Twenty-eight students from Langston Hughes Academy in Stockton won admission to the inaugural Junior Achievement Social Innovation Camp at HP Labs in Palo Alto, Calif. The goal of the event is to spark creativity and foster the development of problem-solving and critical-thinking skills to address social issues that communities face in the new global economy. To qualify to attend JA Innovation Camp, teens were required to compete in an online essay contest. Students were asked to describe a specific form of technology that would make their high school more efficient and a better place for learning and socializing.


Jasmine Saleh, a student at Granada Hills Charter High, has been named an "ABC 7 Cool Kid." Saleh was honored for her work with the group Rachel's Challenge to convince high school students to think for themselves. She also volunteers with senior citizens. To watch ABC 7's profile of this outstanding charter school student, click here.


Genein Letford from NEW Academy Canoga Park was chosen to receive the Great American Teacher of the Year Award presented by The Ron Clark Academy, in conjunction with Great American Financial Resources, Inc. Letford was chosen from among hundreds of applications representing school districts from across the country after an in-depth judging process that included an interview with a panel of judges.

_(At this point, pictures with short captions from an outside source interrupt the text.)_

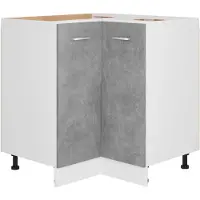 vidaXL Armoire basse d'angle Lyon gris béton 75,5x75,5x81,5 cm Matériau du bois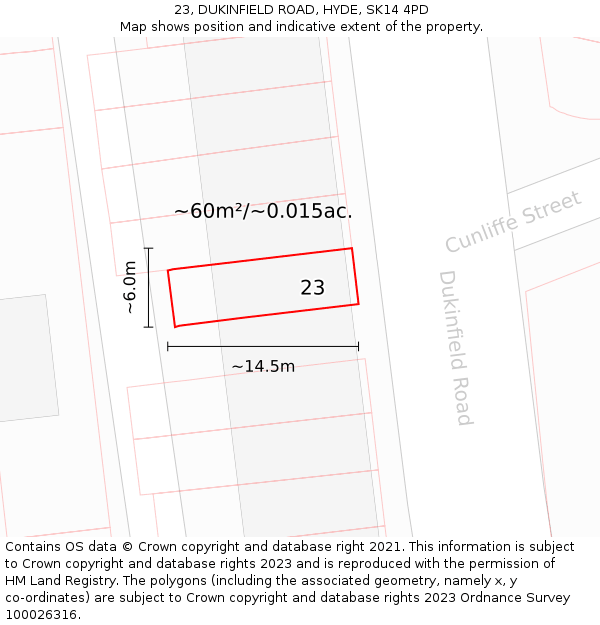 23, DUKINFIELD ROAD, HYDE, SK14 4PD: Plot and title map
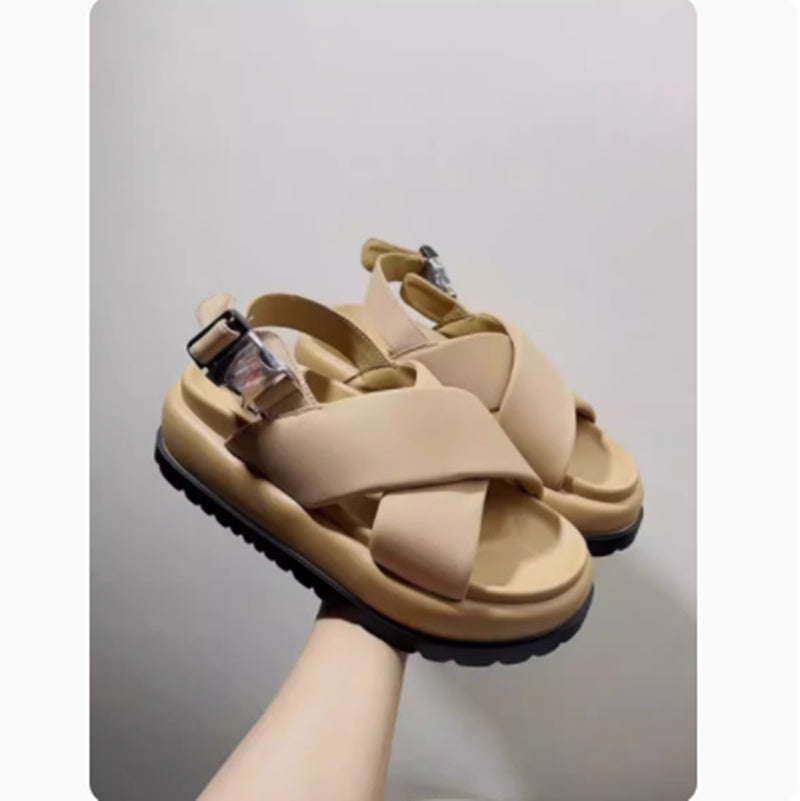 Leather Cross Sandals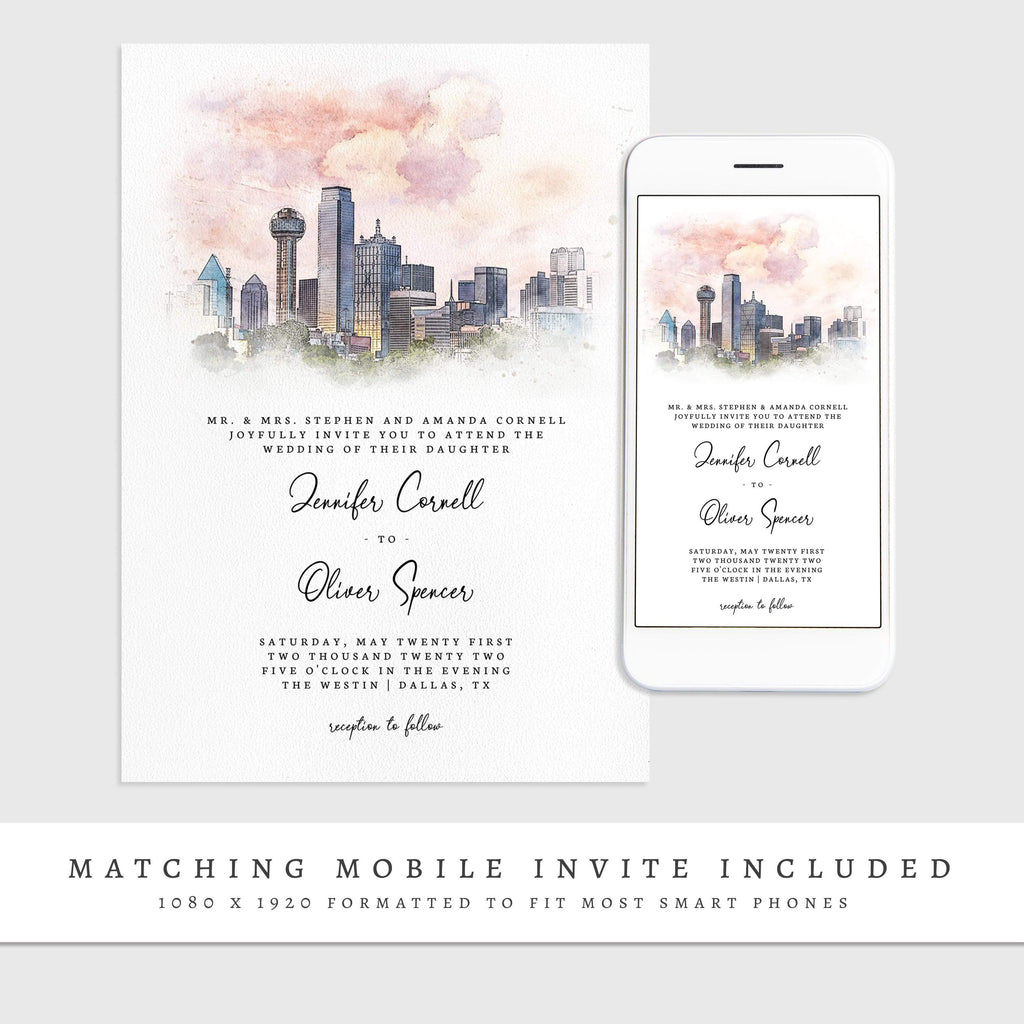 Editable Dallas Skyline Watercolor Printable Wedding Invitation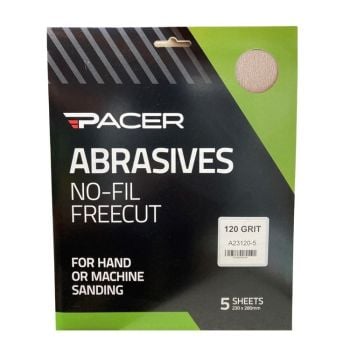 Pacer No-Fil Freecut Sandpaper 120 Grit 5Pk A23120-5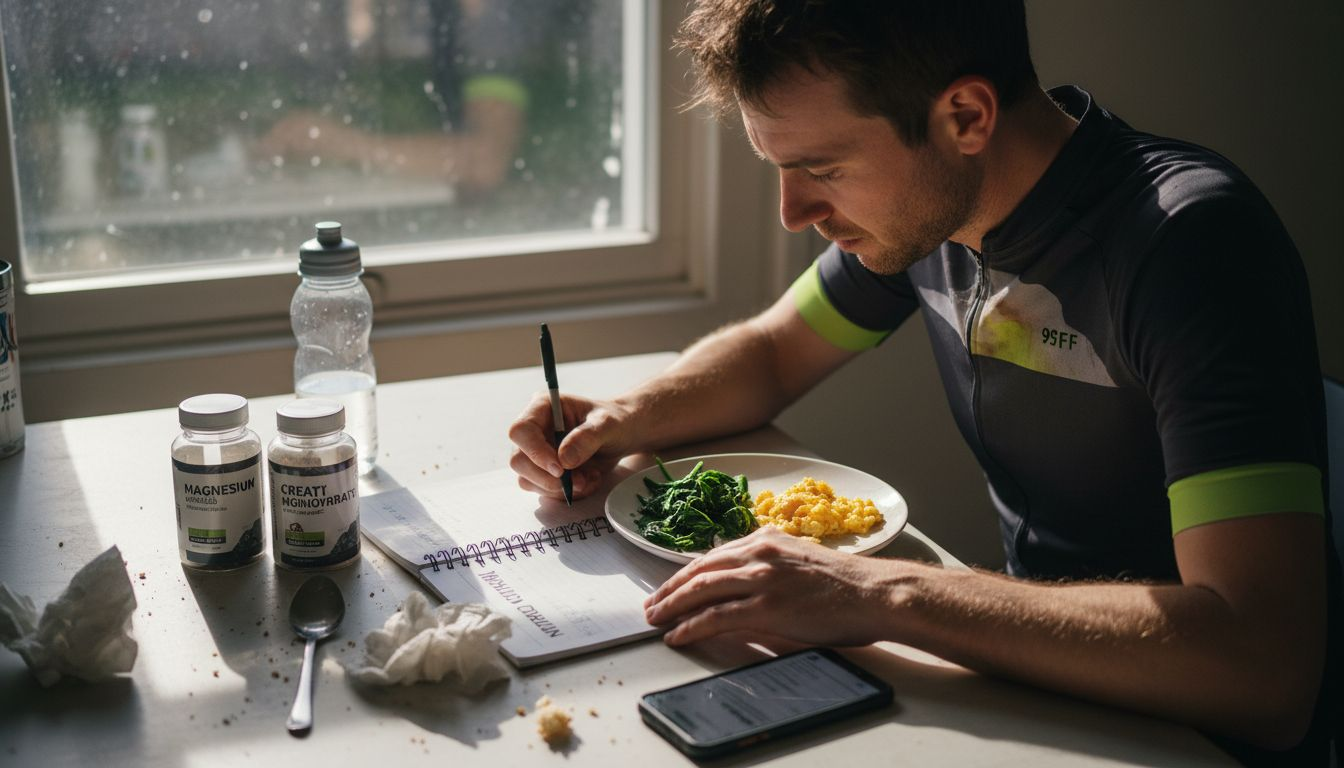 Cyclist tracking vitamins in daily journal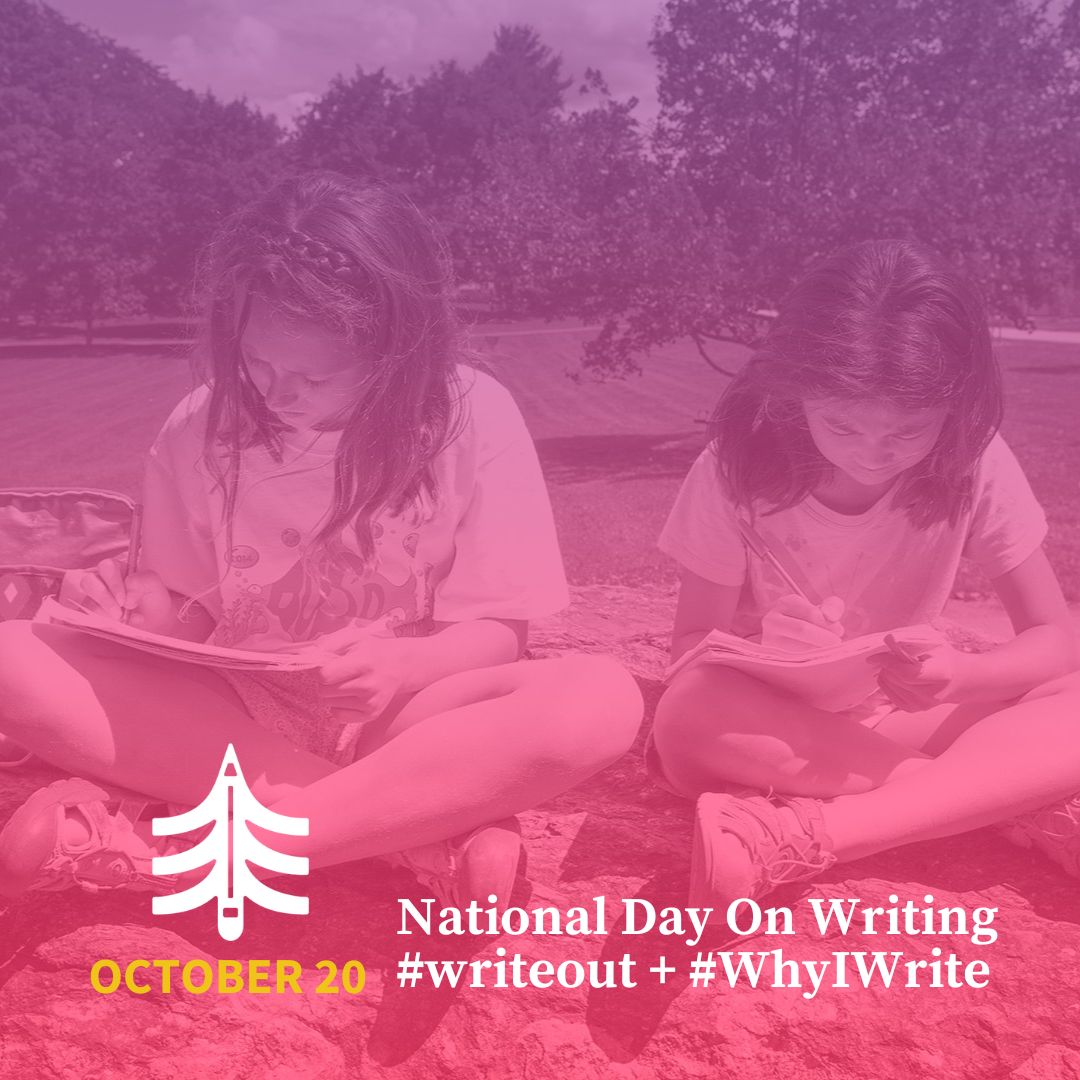 writingproject's tweet photo. Today is the National Day on Writing! Honoring the day is simple: just write. Connect with others or share your writing using #WhyIWrite. We also invite you to connect to your place in the world by going outside, writing, and share using #writeout. https://t.co/GDXWQ3WlYW https://t.co/8rNizYu2Dg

The Magnolia Science Academy Math Counts team received first place in the Math Counts completion organized by the western region of the National Society of Black Engineers in Stanford, CA. The school's team consisted of three 8th graders: Michael Simpson (1st place) Robert Butler III (2nd place) Roy Valesquez (3rd place) and 7th grade student Michael Adeniyi. The team has been working together for over more than a year for the MATHCOUNTS competition. The students have been meeting after school and in the weekends to follow the program provided by the ACCORD Institute.


Aspire Public Schools was featured in "How the World's Most Improved School Systems Keep Getting Better," a report by the consulting firm McKinsey and Company. The report, described by the firm as "the most comprehensive database of global school system reform ever assembled," analyzes and identifies reform elements to help school systems achieve significant, sustained and widespread gains in student outcomes. Click here to read the report, which also examined education systems in Armenia, Boston (Massachusetts), Chile, England, Ghana, Hong Kong, Jordan, Latvia, Lithuania, Long Beach (California), Madhya Pradesh (India), Minas Gerais (Brazil), Ontario (Canada), Poland, Saxony (Germany), Singapore, Slovenia, South Korea, and Western Cape (South Africa).


According to the Colusa County Sun-Herald, Jesse Denewith, a student at Marysville Charter Academy for the Arts, earned an honorable mention for his entry in the statewide "Got Milk?" contest sponsored by the California Milk Processor Board.

The contest, open to teenagers, asked applicants to submit original color photos depicting why breakfast with milk is important for overall health and academic performance.

Jesse's entry featured a girl with a milk mustache holding a test with A-plus results.


Five California charter schools will share in more than $36 million in Enhancing Education Through Technology (EETT) Competitive Grants. State Schools Chief Jack O'Connell announced the awardees, who include School of Unlimited Learning (Fresno); Environmental Charter High, Bert Corona Charter, Monsenor Oscar Romero Charter Middle (Los Angeles); and Charter School of San Diego.The grants are intended to enhance the use of data to improve student achievement. View the California Department of Education's press release on the grants here.


The Eli and Edythe Broad Foundation has awarded $1 million to Rocketship Education, a leading network of innovative K-5 public charter schools based in San Jose. he investment will support the first national expansion of a "hybrid school" model - which combines classroom instruction with online learning - helping Rocketship develop the infrastructure necessary to open 30 new hybrid charter schools nationwide by 2015. For more information, read the Broad Foundation's press release.


Harriet Tubman Charter School in San Diego was selected as the Best Community School by the College Area Business District, who each year honors those who have made a positive impact in the community.